Selama ini untuk membeli mesin roasting tergolong relatif masih mahal untuk ekonomi masyarakat petani di dataran tinggi Gayo. Untuk mesin roasting 3 kg harus merogoh kocek mencapai Rp 150 juta per unitnya, sehingga harga roasting harus dibayar Rp 30 ribu per kg oleh petani kopi.
Atas dasar itulah, pria paruh baya ini yang hanya tamatan Sekolah Dasar (SD), Ramli Ismail (46) berhasil merakit sebuah mesin roasting kopi dengan kualitas lebih bagus dari yang sudah pernah ada. Dia bisa membuat mesin itu mengontrol roasting kopi sesuai dengan selera pelanggan.
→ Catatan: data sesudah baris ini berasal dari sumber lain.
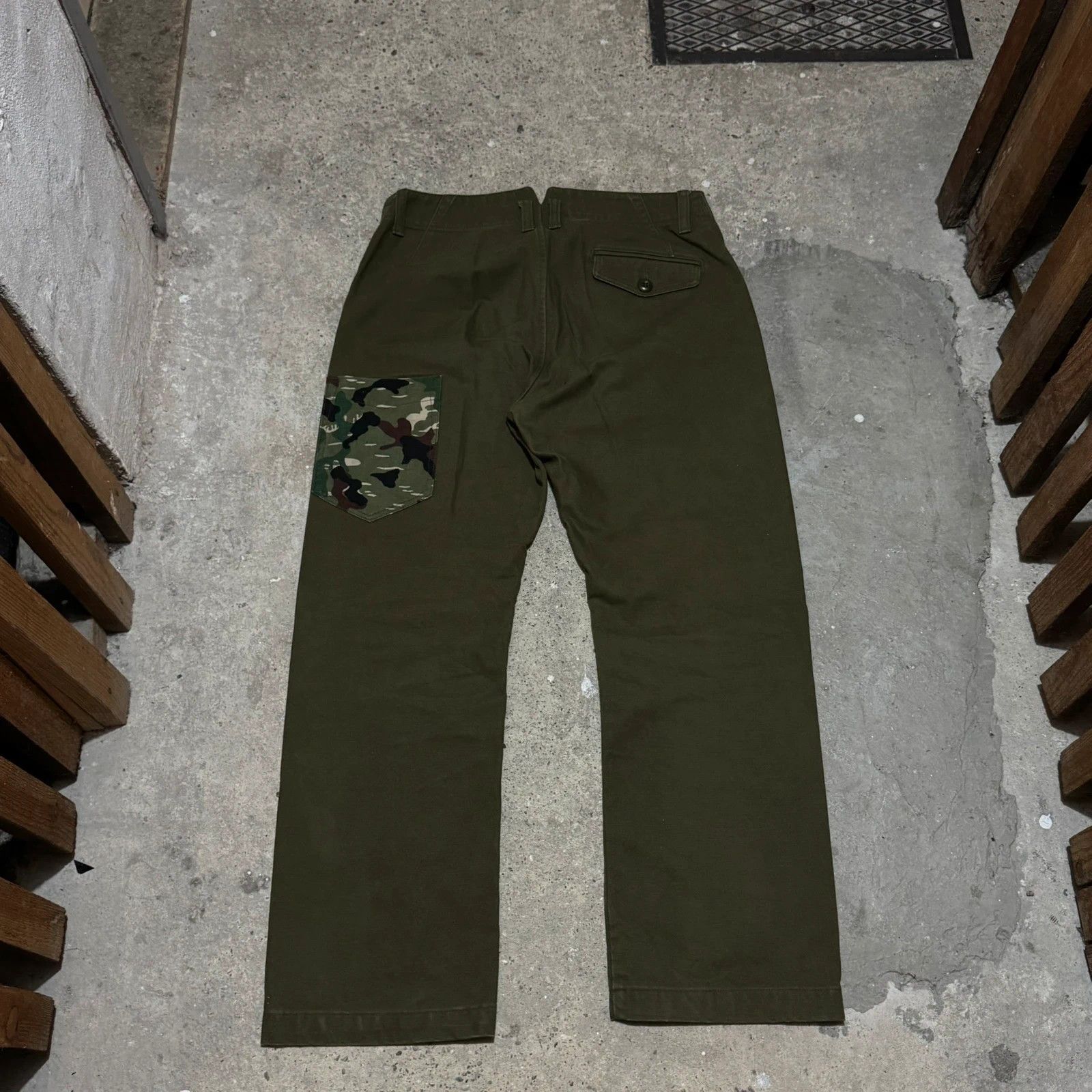 Junya Watanabe F/W 2018 Junya Watanabe camo pocket pants Size US 32 / EU 48 - 2 Thumbnail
"Saya ini buat sendiri, saya segala sesuatu mencoba dan berhasil, kualitasnya lebih bagus mesin saya ini, karena bisa dikontrol mau keasaman kopi bagaimana," kata perakit mesin roasting kopi, Ramli Ismail kepada merdeka.com, Selasa (7/1).
Lokasi mesin roasting hasil karya masyarakat pribumi dataran tinggi Gayo itu berada di desa Meukar Ayu, Kecamatan Timang Gajah, Kabupaten Bener Meriah, Aceh. Saat merdeka.com datang, dia sedang me-roasting kopi pesanan pelanggannya.
Menurut Ramli Ismail yang akrab disapa Wakli, mesin yang ia rakit dengan kapasitas 2,5 kg dengan durasi waktu roasting selama 15 menit hanya menghabiskan dana Rp 15 juta. Sehingga ia bisa meroasting kopi warga dengan mengambil ongkos jauh lebih murah yaitu Rp 10 ribu/ kg.
"Dengan mesin ini saya bisa subsidi masyarakat roasting kopi murah. Bahkan kalau ada yang roasting dalam jumlah banyak, saya berani ambil harga Rp 7000/ kg, tentu ini sangat membantu petani kopi," tegasnya.
Wakli bahkan berani klaim bahwa mesin ini baru pertama yang berhasil dirakit oleh pribumi di Sumatera ini. Sekarang, Wakli juga sedang kembali merakit mesin roasting yang lebih besar kapasitasnya.
Memang di lokasi ia me-roasting kopi, terlihat ada mesin roasting yang sedang dia rakit. Wakli mengatakan, mesin yang sedang dia rakit itu memiliki kapasitas yang jauh lebih banyak, yaitu untuk 10 kg dengan durasi 15 menit.
"Selama ini harga roasting itu lebih mahal dari harga kopi, itu kan aneh, masak harga biji kopinya Rp 25 ribu/ kg, roasting Rp 30 ribu, makanya saya buat mesin yang lebih ekonomis," tambahnya.
Wakli juga merupakan korban konflik yang tetap menegakkan kepala tanpa meratapi nasipnya. Ia bangkit merakit mesin roasting tanpa ada bantuan pihak manapun, termasuk pihak pemerintah yang semestinya patut memberikan apresiasi atas karya anak negeri.
"Saya korban konflik dan tidak pertama ada perhatian dari pemerintah, semestinya ini harus ada perhatian pemerintah, karena mesin roasting buatan putra daerah," imbuhnya.
Kendatipun demikian, Wakli belum ada keinginan untuk menjual hasil rakitannya. Akan tetapi yang ia inginkan mesin itu hanya digunakan untuk dirinya sendiri. "Meskipun kedepan rencana bukan menjual, tapi saya pinjam pakaikan untuk seluruh Aceh," tutupnya.